How can I import csv with duplicate data because I was set primary key while table creation?

naresh_way2naresh_way2 Registered User

I have set primary key in vertica table and I tried to copy data from csv into my table but it was not copying because the primary key field has duplicate ids how can skip that row and insert all other data into my table.I was doing like this..
testing=> create table vertical(id int primary key enabled,name varchar);
CREATE TABLE
testing=> copy vertical from '/home/naresh/Desktop/result.csv' parser fcsvparser();
ERROR 6745: Duplicate key values: 'id=3' -- violates constraint 'public.vertical.C_PRIMARY'
teststing=>

My csv is like this
1 abc
2 abcd
3 cba
4 adbc
5 bcd
6 rgukt
7 adbcc
3 erthgf

How can i insert this csv without duplicates and Is there any possible to store that duplicated data in another file?

Answers

  • Jim_KnicelyJim_Knicely Employee, Registered User, VerticaExpert

    One option is to disabled the PK. COPY the data, DELETE the duplicates, and then re-enable the PK.

    Example:

    dbadmin=> \! cat /home/dbadmin/result.csv
    1|abc
    2|abcd
    3|cba
    4|adbc
    5|bcd
    6|rgukt
    7|adbcc
    3|erthgf
    
    dbadmin=> copy vertical from '/home/dbadmin/result.csv';
    ERROR 6745:  Duplicate key values: 'id=3' -- violates constraint 'public.vertical.vertical_pk'
    
    dbadmin=> alter table vertical alter constraint vertical_pk disabled;
    ALTER TABLE
    
    dbadmin=> copy vertical from '/home/dbadmin/result.csv';
     Rows Loaded
    -------------
               8
    (1 row)
    
    dbadmin=> select * from vertical;
     id | stuff
    ----+--------
      1 | abc
      2 | abcd
      3 | cba
      3 | erthgf
      4 | adbc
      5 | bcd
      6 | rgukt
      7 | adbcc
    (8 rows)
    
    dbadmin=> delete from vertical where id || stuff not in (select id || stuff from vertical limit 1 over (partition by id order by id));
     OUTPUT
    --------
          1
    (1 row)
    
    dbadmin=> select * from vertical;
     id | stuff
    ----+-------
      1 | abc
      2 | abcd
      3 | cba
      4 | adbc
      5 | bcd
      6 | rgukt
      7 | adbcc
    (7 rows)
    
    dbadmin=> alter table vertical alter constraint vertical_pk enabled;
    ALTER TABLE
    
  • Jim_KnicelyJim_Knicely Employee, Registered User, VerticaExpert

    Or, you could create a temporary table, load the data there, then copy only the distinct records to your real table...

    Example:

    dbadmin=> create table vertical_temp like vertical;
    CREATE TABLE
    
    dbadmin=> copy vertical_temp from '/home/dbadmin/result.csv';
     Rows Loaded
    -------------
               8
    (1 row)
    
    dbadmin=> select * from vertical_temp;
     id | stuff
    ----+--------
      1 | abc
      2 | abcd
      3 | cba
      3 | erthgf
      4 | adbc
      5 | bcd
      6 | rgukt
      7 | adbcc
    (8 rows)
    
    dbadmin=> insert into vertical (select * from vertical_temp limit 1 over (partition by id order by id));
     OUTPUT
    --------
          7
    (1 row)
    
    dbadmin=> select * from vertical;
     id | stuff
    ----+-------
      1 | abc
      2 | abcd
      3 | cba
      4 | adbc
      5 | bcd
      6 | rgukt
      7 | adbcc
    (7 rows)
    
    dbadmin=> drop table vertical_temp;
    DROP TABLE
    
  • naresh_way2naresh_way2 Registered User

    Hi ,
    Yesterday I got this error I'm unable to solve please resolve this issue thanks in advance,

    events.js:163
    throw er; // Unhandled 'error' event
    ^
    Error: Unavailable: initiator locks for query - Locking failure: Timed out X locking Table:public.test2. X held by [user user_testing (select count(*) from test2;)]. Your current transaction isolation level is READ COMMITTED

  • naresh_way2naresh_way2 Registered User

    Hi,
    Jim_Knicely I have a user with 600 data points, and 5 crores users.How can I store that data in vertica? which is the best procedure to store that data to get counts with in smaller time?Can u suggest me?

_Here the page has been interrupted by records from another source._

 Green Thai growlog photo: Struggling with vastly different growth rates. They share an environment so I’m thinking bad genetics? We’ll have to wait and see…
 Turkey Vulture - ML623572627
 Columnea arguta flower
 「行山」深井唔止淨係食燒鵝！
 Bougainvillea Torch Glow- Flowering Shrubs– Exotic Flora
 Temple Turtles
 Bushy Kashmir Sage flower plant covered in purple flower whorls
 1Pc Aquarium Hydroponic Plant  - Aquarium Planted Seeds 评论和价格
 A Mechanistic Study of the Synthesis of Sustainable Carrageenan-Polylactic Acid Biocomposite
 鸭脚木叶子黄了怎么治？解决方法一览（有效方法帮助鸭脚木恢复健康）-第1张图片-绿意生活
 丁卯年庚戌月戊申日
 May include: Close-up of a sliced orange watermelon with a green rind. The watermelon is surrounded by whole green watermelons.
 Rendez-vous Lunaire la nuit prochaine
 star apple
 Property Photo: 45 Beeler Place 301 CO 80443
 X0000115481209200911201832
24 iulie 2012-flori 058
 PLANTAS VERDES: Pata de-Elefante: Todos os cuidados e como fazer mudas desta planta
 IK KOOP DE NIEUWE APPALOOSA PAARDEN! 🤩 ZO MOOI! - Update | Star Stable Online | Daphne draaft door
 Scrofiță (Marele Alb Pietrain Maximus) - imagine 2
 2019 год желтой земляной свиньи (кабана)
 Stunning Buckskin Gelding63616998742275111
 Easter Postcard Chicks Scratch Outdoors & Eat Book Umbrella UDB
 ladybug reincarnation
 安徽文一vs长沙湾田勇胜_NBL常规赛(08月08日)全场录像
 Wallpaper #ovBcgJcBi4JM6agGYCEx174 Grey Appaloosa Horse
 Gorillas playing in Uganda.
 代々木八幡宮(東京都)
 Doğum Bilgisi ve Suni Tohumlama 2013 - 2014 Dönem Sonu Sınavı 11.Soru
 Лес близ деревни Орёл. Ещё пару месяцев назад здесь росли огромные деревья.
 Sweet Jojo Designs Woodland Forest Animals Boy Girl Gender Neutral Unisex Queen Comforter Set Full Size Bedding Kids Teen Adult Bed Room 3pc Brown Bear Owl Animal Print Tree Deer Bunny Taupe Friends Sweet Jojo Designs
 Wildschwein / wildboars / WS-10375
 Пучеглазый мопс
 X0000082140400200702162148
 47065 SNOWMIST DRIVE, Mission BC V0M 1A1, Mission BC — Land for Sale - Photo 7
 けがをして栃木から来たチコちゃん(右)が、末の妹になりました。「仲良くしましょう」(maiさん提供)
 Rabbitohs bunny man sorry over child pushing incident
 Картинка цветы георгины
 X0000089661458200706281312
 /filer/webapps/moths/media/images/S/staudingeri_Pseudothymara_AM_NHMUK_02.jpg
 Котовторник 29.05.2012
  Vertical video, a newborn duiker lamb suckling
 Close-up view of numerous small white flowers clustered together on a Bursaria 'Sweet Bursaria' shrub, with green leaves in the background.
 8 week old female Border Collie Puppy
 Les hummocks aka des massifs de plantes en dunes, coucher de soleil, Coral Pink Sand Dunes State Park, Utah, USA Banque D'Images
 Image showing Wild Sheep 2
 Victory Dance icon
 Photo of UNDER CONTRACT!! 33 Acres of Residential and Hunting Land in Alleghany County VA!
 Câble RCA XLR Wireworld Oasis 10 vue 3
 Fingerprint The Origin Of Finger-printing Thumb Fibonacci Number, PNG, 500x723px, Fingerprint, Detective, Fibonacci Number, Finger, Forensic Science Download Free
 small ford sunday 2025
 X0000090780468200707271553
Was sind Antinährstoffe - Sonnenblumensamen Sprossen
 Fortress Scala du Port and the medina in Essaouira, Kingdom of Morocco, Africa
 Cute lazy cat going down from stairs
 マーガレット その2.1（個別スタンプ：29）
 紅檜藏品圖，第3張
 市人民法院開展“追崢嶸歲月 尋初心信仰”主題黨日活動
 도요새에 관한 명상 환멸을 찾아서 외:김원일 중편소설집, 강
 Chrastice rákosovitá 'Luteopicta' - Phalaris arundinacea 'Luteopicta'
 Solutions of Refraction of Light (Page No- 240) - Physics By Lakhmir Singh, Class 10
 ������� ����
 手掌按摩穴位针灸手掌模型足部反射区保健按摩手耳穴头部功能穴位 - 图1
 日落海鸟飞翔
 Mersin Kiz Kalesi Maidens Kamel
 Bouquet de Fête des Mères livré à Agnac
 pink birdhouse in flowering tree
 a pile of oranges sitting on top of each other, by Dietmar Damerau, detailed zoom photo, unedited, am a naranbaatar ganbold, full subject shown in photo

  • naresh_way2naresh_way2 Registered User

    Sorry jim I have requirement like this.I have to store arrays in vertica table(not in flex table).If it unable to store what is the best way to store that type of data.My array length lies between 200 to 1000 and cardinality length lies between 10000 to 100000.It exists for each user and no.of users are 10crore plz tell me the solution for this and updates also should be fast.Is this database support for all these requirements?

  • Jim_KnicelyJim_Knicely Employee, Registered User, VerticaExpert

    You could create a wide table where you'd have a column for each data point. Then so that you can get super fast counts, you can create a Live Aggregate Projection.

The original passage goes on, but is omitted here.